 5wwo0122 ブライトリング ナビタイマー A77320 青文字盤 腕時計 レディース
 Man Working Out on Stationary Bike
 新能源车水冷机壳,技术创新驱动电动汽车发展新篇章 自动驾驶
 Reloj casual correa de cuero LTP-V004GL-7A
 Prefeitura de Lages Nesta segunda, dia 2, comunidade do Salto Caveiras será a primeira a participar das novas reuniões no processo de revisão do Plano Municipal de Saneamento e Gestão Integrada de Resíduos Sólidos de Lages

--

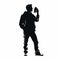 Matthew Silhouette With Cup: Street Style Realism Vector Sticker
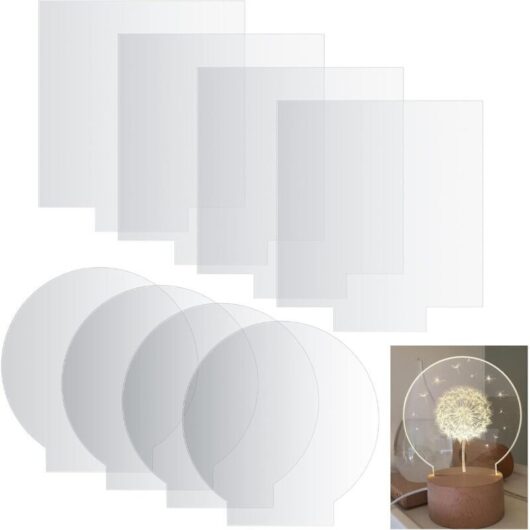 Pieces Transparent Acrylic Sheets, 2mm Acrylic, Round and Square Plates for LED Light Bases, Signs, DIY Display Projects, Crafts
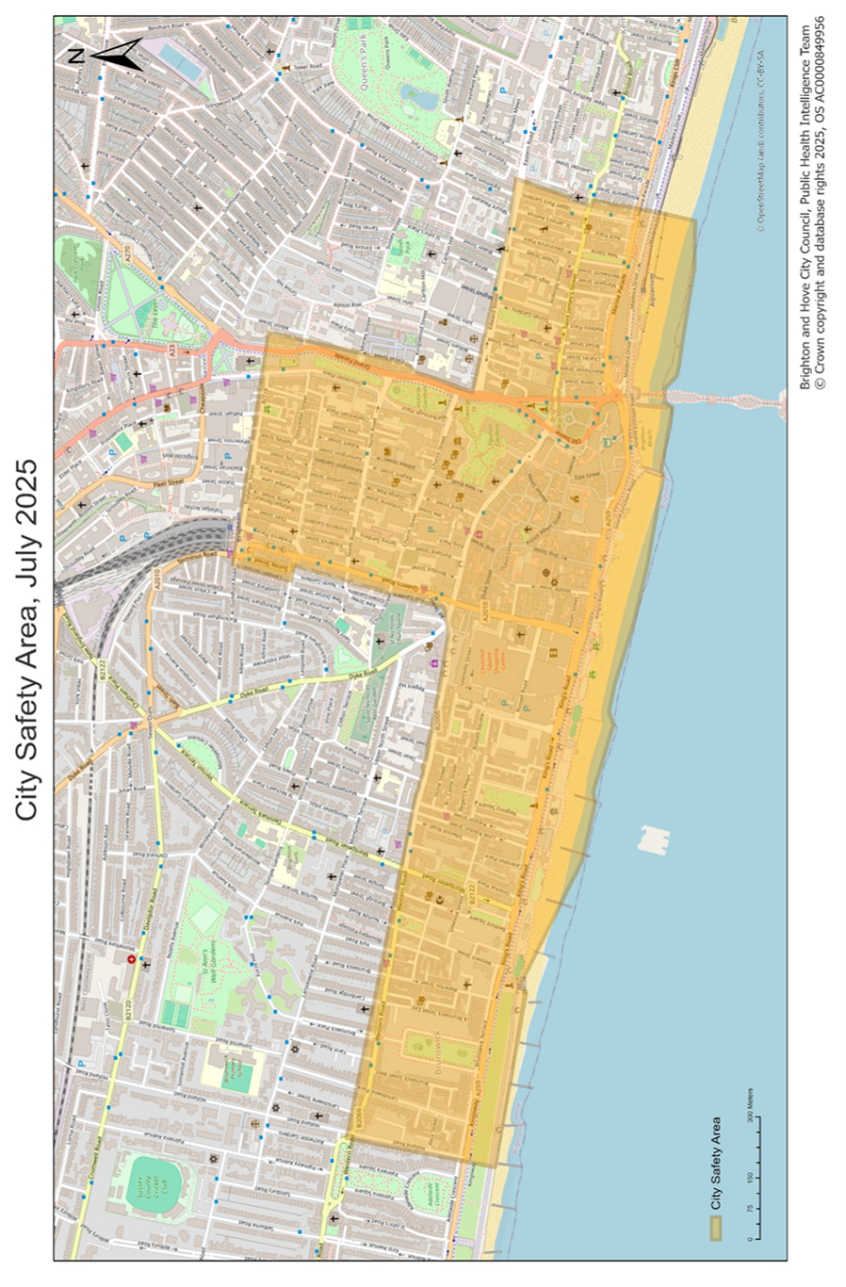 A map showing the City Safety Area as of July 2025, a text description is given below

◆ **What is expected**:
Copy nothing but the lines above from the one with "Matthew Silhouette With" to the one with "A map showing", inclusive, word for word. Leave every picture out.

◆ **Solution**:
 Matthew Silhouette With Cup: Street Style Realism Vector Sticker
 Pieces Transparent Acrylic Sheets, 2mm Acrylic, Round and Square Plates for LED Light Bases, Signs, DIY Display Projects, Crafts
 A map showing the City Safety Area as of July 2025, a text description is given below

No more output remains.